> [Material for the task]

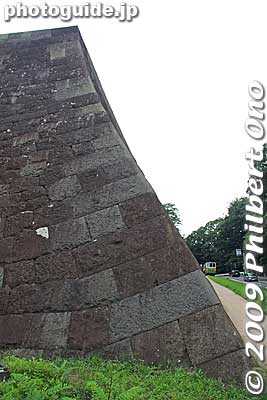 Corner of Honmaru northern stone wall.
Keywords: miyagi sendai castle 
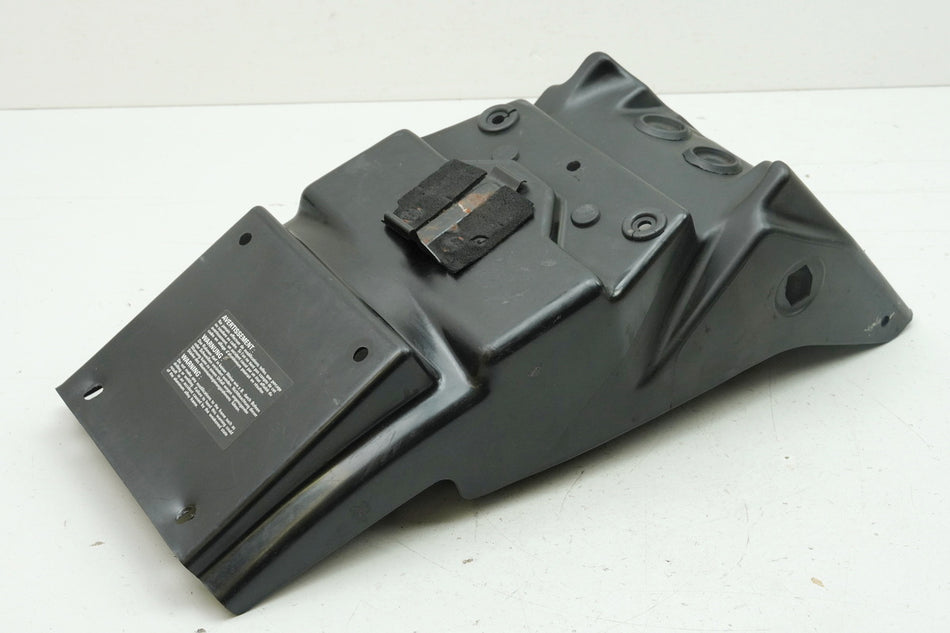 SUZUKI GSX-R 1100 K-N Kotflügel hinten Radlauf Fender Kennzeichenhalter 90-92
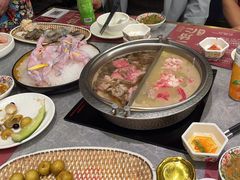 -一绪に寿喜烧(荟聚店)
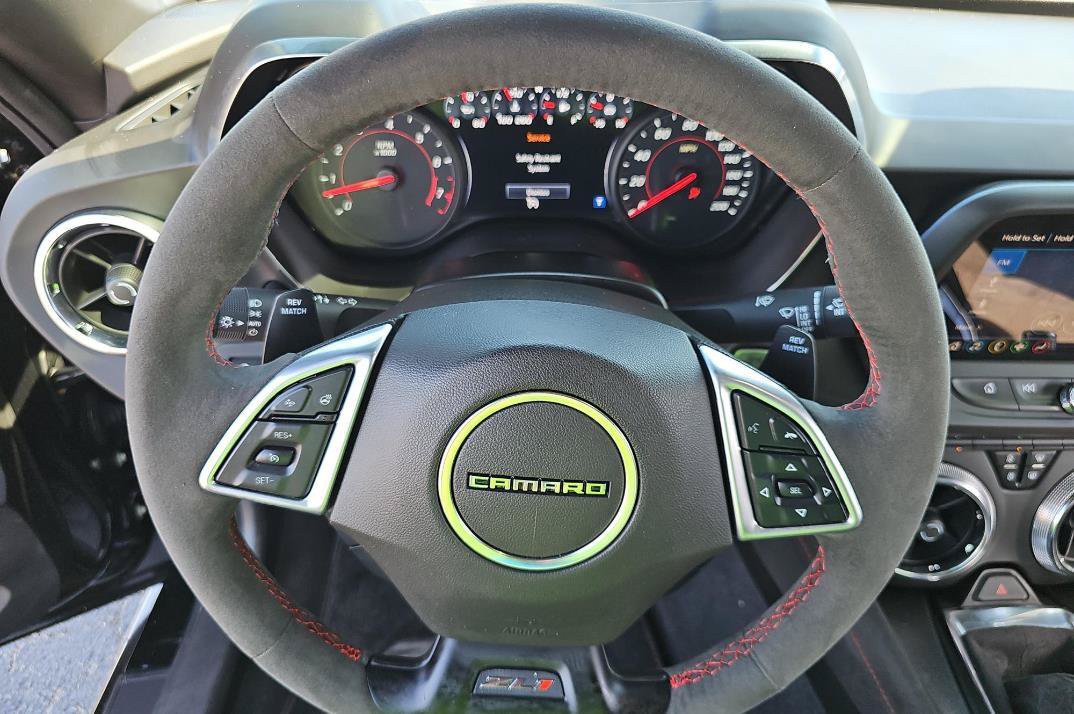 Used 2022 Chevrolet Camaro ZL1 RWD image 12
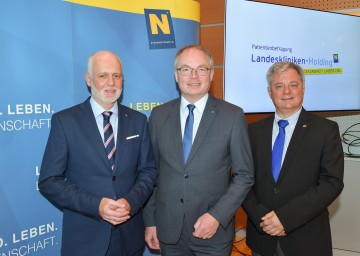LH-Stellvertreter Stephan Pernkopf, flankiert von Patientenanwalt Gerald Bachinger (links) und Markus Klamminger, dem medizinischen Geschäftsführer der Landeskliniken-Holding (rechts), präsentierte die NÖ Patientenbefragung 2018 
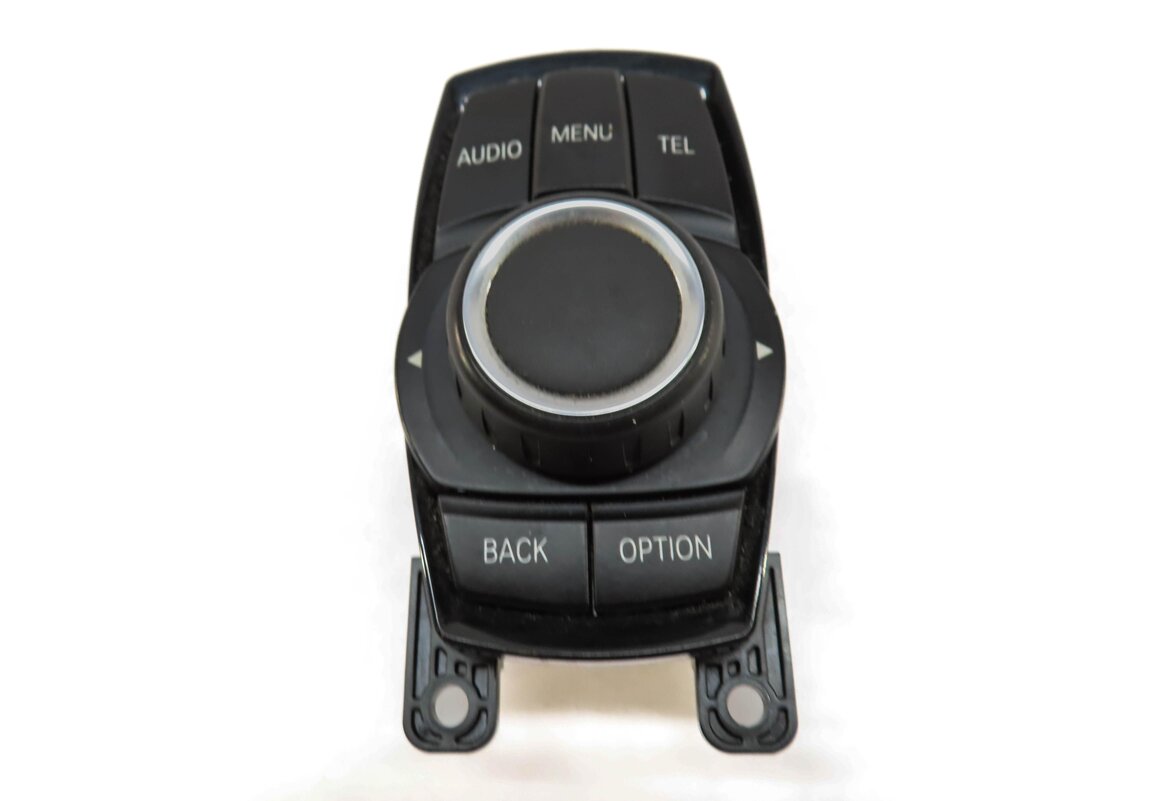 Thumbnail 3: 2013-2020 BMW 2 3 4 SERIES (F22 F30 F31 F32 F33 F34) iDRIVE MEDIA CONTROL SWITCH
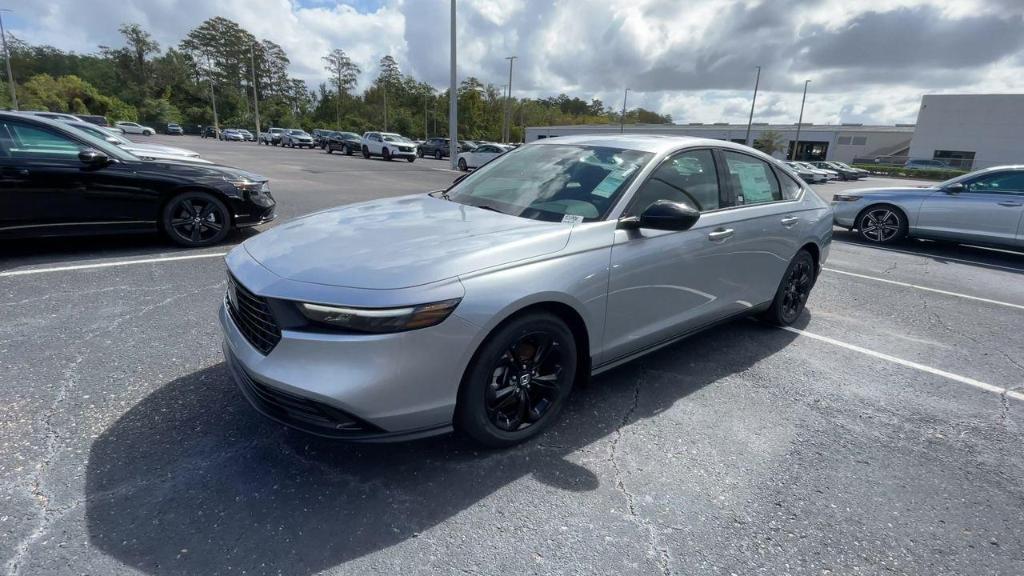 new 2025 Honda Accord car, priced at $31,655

> [Your task] Repeat the lines exactly as they stand, from the opening line of the data through the line with "Used 2022 Chevrolet Camaro ZL1 RWD image 12". Pictures stay out of the copy.

> [Solution to the problem]
 Corner of Honmaru northern stone wall.
Keywords: miyagi sendai castle 
 SUZUKI GSX-R 1100 K-N Kotflügel hinten Radlauf Fender Kennzeichenhalter 90-92
 -一绪に寿喜烧(荟聚店)
 Used 2022 Chevrolet Camaro ZL1 RWD image 12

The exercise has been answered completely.